Johan Thorn Prikker - A noiva (1892-3)
Jacob gerou José, esposo de Maria, da qual nasceu Jesus, chamado
Cristo. Ora, o nascimento de Jesus Cristo foi assim: Maria, sua mãe, estava
desposada com José; antes de coabitarem, notou-se que tinha concebido pelo
poder do Espírito Santo. José, seu esposo, que era um homem justo e não queria
difamá-la, resolveu deixá-la secretamente. Andando ele a pensar nisto, eis que
o anjo do Senhor lhe apareceu em sonhos e lhe disse: «José, filho de David, não
temas receber Maria, tua esposa, pois o que ela concebeu é obra do Espírito
Santo. Ela dará à luz um filho, ao qual darás o nome de Jesus, porque Ele
salvará o povo dos seus pecados.» Despertando do sono, José fez como lhe
ordenou o anjo do Senhor, e recebeu sua esposa. (
Mateus 1,16.18-21.24a) [Comentário proveniente da liturgia grega
aqui]
O texto escolhido para hoje estabelece o vínculo entre uma filiação e
uma função. Contudo, o vínculo funda-se num mistério e exige uma atitude. A
função do Filho de Maria é a de ser Cristo, o Messias, aquele que salvará o
povo da errância. O vocábulo σωσει (terceira pessoa do
singular do futuro do indicativo do verbo σωζω) remete
para um amplo campo semântico. O verbo σωζω significa
libertar, proteger, curar, preservar, salvar, mas também guardar, guardar na
memória, perdoar, não matar. Na figura e função de Cristo encontramos plasmadas
todas estas significações. O vínculo com a filiação – que faz a conexão com
David – mostra que esta função tem uma natureza real. Real porque se inscreve
numa determinada estirpe, a de David, que tem por função reinar, mas real também porque produtora
de realidade.
A salvação, a obra do Messias, é então uma
obra de conferir realidade ao que a tem diminuída. Por isso, por esta
dimensão ontológica da função atribuída ao Filho de Maria, se percebe por que motivo
ele é um libertador, um protector, um salvador, um guardador. Liberta os homens
de um determinado estado em que eles se encontram diminuídos, protege-os da
queda nesse estado, cura-os e guarda-os da deficiência ontológica em que se
encontram. É esta função que, apesar de real, se inscreve no mistério.

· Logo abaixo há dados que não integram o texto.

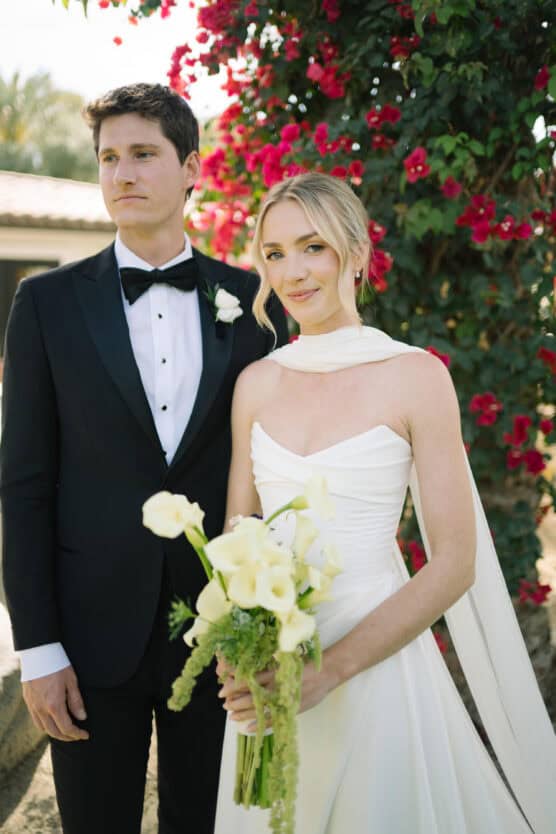A bride in a white gown holding a bouquet of white flowers stands beside a groom in a black tuxedo. They are outdoors, in front of a lush bush with vibrant red blooms. Both have calm, serene expressions. by Justin Salem Meyer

A experiência humana corrente é a da deficiência
ontológica, é a da errância, é a da falta que o homem sempre sente mas que, mesmo
se dotado de uma vontade poderosa, nunca consegue colmatar. É a sua natureza
finita e falível, pensará submetido ao âmbito da experiência empírica. Que ele
possa ser outra coisa, não pode deixar de ser, para si mesmo, um mistério. Este
mistério requer o mistério da imaculada concepção do próprio Salvador. Ele é um
homem mas não é um homem. A sua natureza plenamente humana é mais que humana e
o mistério da sua concepção é o testemunho desse excesso de natureza.
Haverá um caminho para o homem compreender esse mistério? Segundo o
texto, fica claro que existe um caminho para a compreensão do mistério. Para
uma consciência moderna, educada na crítica e na recusa de qualquer autoridade
que não a razão, é o mais terrível, cruel e decepcionante dos caminhos, o da
obediência. José figura todos aqueles que se abriram ao mistério da natureza
humana, ao mistério de que ela possa ser outra coisa para além de matéria
corruptível, e obedeceram à voz interior que por eles chamava. Ele fez o que lhe
foi ordenado, isto é, obedeceu e recebeu a sua esposa, abriu-se ao mistério,
abriu-se àquele que, no fundo do seu ser, chamava por ele. Não rejeitando o
filho de Maria, José não se rejeitou a si mesmo, não rejeitou o que de
salvífico e libertador tinha em si mesmo, não rejeitou tornar-se efectivamente real, de se tornar naquilo que ele efectivamente era.